Le chroniqueur Jacques Frantz détaille la position de la Suisse dans l'affaire de la reconnaissance de la Palestine.
Comme prévu, le président de la République française a reconnu devant l’Assemblée générale des Nations unies la Palestine en tant qu’État.
Comme cela a été dit, cette reconnaissance s’inscrit dans une action groupée à laquelle se sont joints, entre autres l'Andorre, le Royaume-Uni ou le Canada. L’Allemagne, toujours en état d’expiation d’une faute inexpiable, s’est bien gardée de déplaire à Israël.
Du reste, la réponse israélienne ne s’est pas fait attendre. Netanyahou a déclaré qu’il n’y aurait jamais d’État palestinien. Vous me direz qu'on le savait déjà depuis le début (c’est-à-dire depuis les Accords d’Oslo), mais au moins, maintenant, les choses sont dites.
Il m’a semblé intéressant de m’arrêter une minute sur la position de la Suisse.
La Suisse, même si elle a beaucoup perdu de son prestige international en s’alignant outrageusement sur les positions américaines – notamment suite à « l’affaire ukrainienne » — n’en demeure pas moins un acteur historique sur la scène internationale. Elle abrite l’Office européen des Nations unies et bon nombre d’organisations internationales, mais elle est aussi le pays qui a vu la signature des Conventions de Genève.
Hélas, force est de constater qu’une fois de plus, la Suisse a manqué son rendez-vous avec l’Histoire. Le Département fédéral des Affaires étrangères (DFAE) dirigé par l’italophone Ignazio Cassis a réaffirmé la position de la Confédération, consistant à ne reconnaître l’État de Palestine qu’au terme d’un processus de paix. Rien d’original, puisque c’était la position de la plupart des États occidentaux au moment des Accords d’Oslo. Mais devant l’évolution de la situation, certains États ont cru bon de revoir leur position, se dépêchant de « reconnaître » avant que l’entité palestinienne ne cesse d’exister, puisqu’en Israël, des voix se font entendre en faveur d’une annexion pure et simple de Gaza et de la Cisjordanie.
Cependant la Suisse, qui n’a rien à refuser à son suzerain américain, a décidé de ne pas bouger, au grand dam de Micheline Calmy Ray, la genevoise qui dirigea le DFAE de 2003 à 2011. Ce qui est intéressant dans cette histoire helvétique, c’est le fossé très marqué entre Romands et Alémaniques. En effet, alors que la presse alémanique soutient la position officielle de la Confédération, la presse romande est vent debout contre l’obstination de la Suisse à rester en retrait, plaidant pour un alignement sur la politique de la France.
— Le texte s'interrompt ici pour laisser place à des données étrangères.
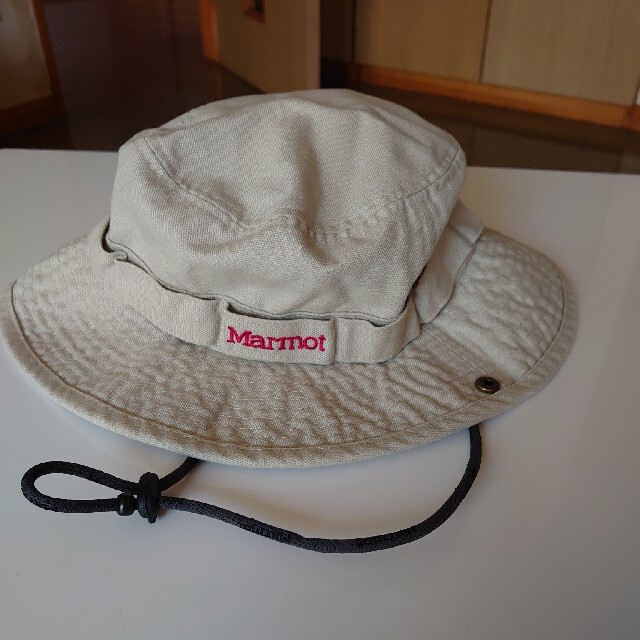 MARMOT(マーモット)の帽子 レディースの帽子(ハット)の商品写真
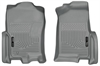 FRONT FLOOR LINERS - image 1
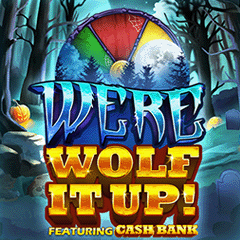 Werewolf It Up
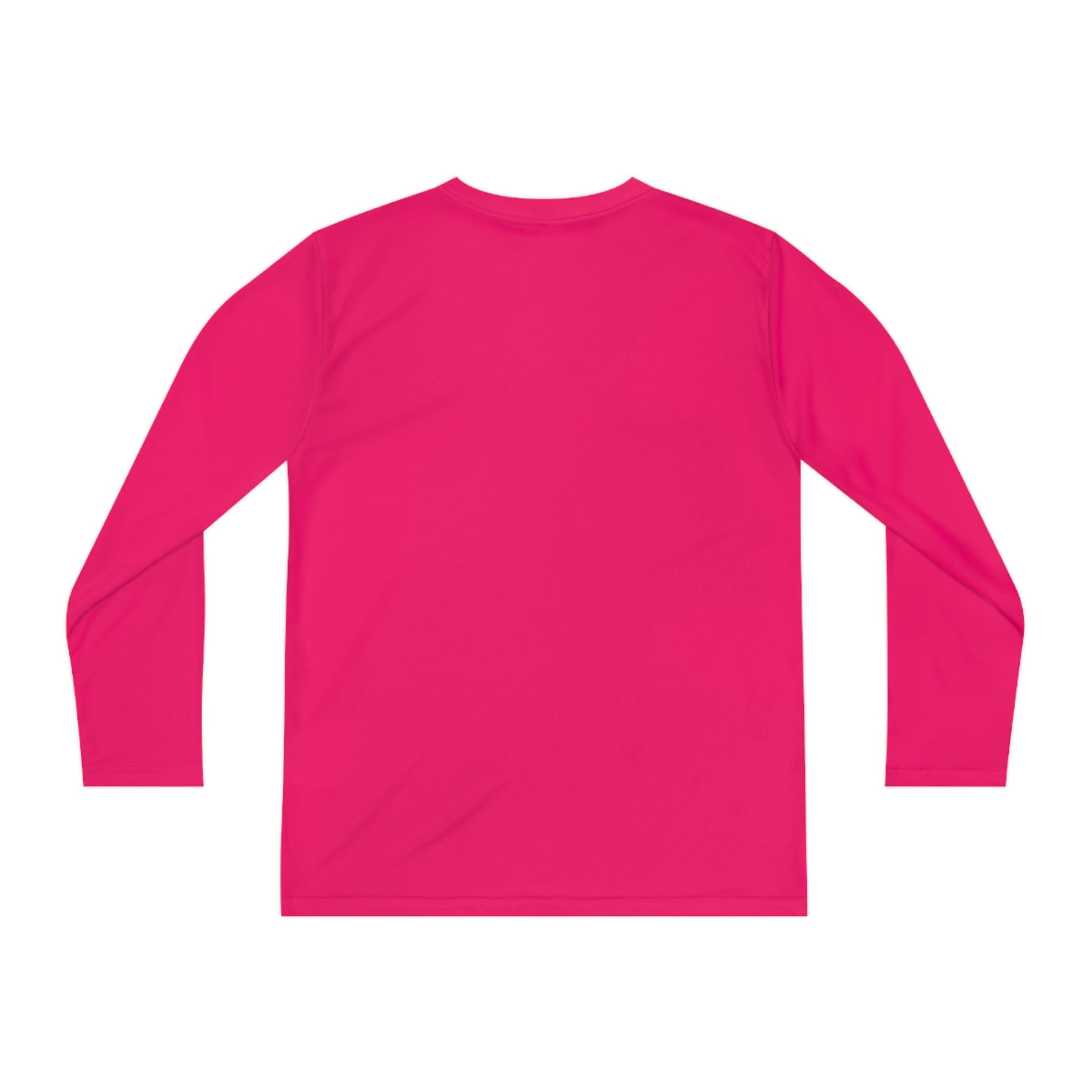 Nutcracker Youth Long Sleeve Competitor Tee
L’ancienne ministre Micheline Calmy Ray, qui s’exprimait ce jour à la radio, croit y voir une fracture culturelle entre francophones et germanophones, où les germanophones s’aligneraient sur les positions allemandes, tandis que les francophones soutiendraient les positions de la France.
De fait, fracture et mimétisme il y a. La Suisse romande a aussi son histoire de drapeau palestinien. La ville de Vevey a décidé d’orner le balcon de l’hôtel de ville d’un drapeau palestinien. Oui, parce qu’il faut le savoir, Vevey, commune très bourgeoise sur la Riviera vaudoise où le prix du mètre carré n’est pas à la portée de toutes les bourses, se paie le luxe d’avoir un maire (un syndic dans le canton de Vaud) d’extrême-gauche. Ainsi, l’organe de presse de droite le peuple.ch redoute une LFIsation de la Suisse. Dans son article, Raphaël Pommey s’inquiète d’un antisémitisme d’extrême-gauche devenu contagieux.
Le courant politique qui défend une Suisse indépendante et neutre s’émeut de ce que des Suisses distribuent des bons et des mauvais points à 3 500 kilomètres de chez eux. Certes, l’émotion et l’inquiétude de nos amis suisses de droite est bien compréhensible. Cependant, à la lecture de cet article, on a le sentiment qu’il est un peu à sens unique. Car une Suisse indépendante et neutre ne doit se mêler de rien et ne prendre parti pour personne. Or il est à craindre qu’une partie de la droite suisse mette en garde contre la LFIsation de la Suisse, au risque de se laisser contaminer par une zemmourisation des esprits. Comme quoi, même s’ils s’en défendent, les uns et les autres subissent peu ou prou l’influence politico-culturelle de leur grand voisin.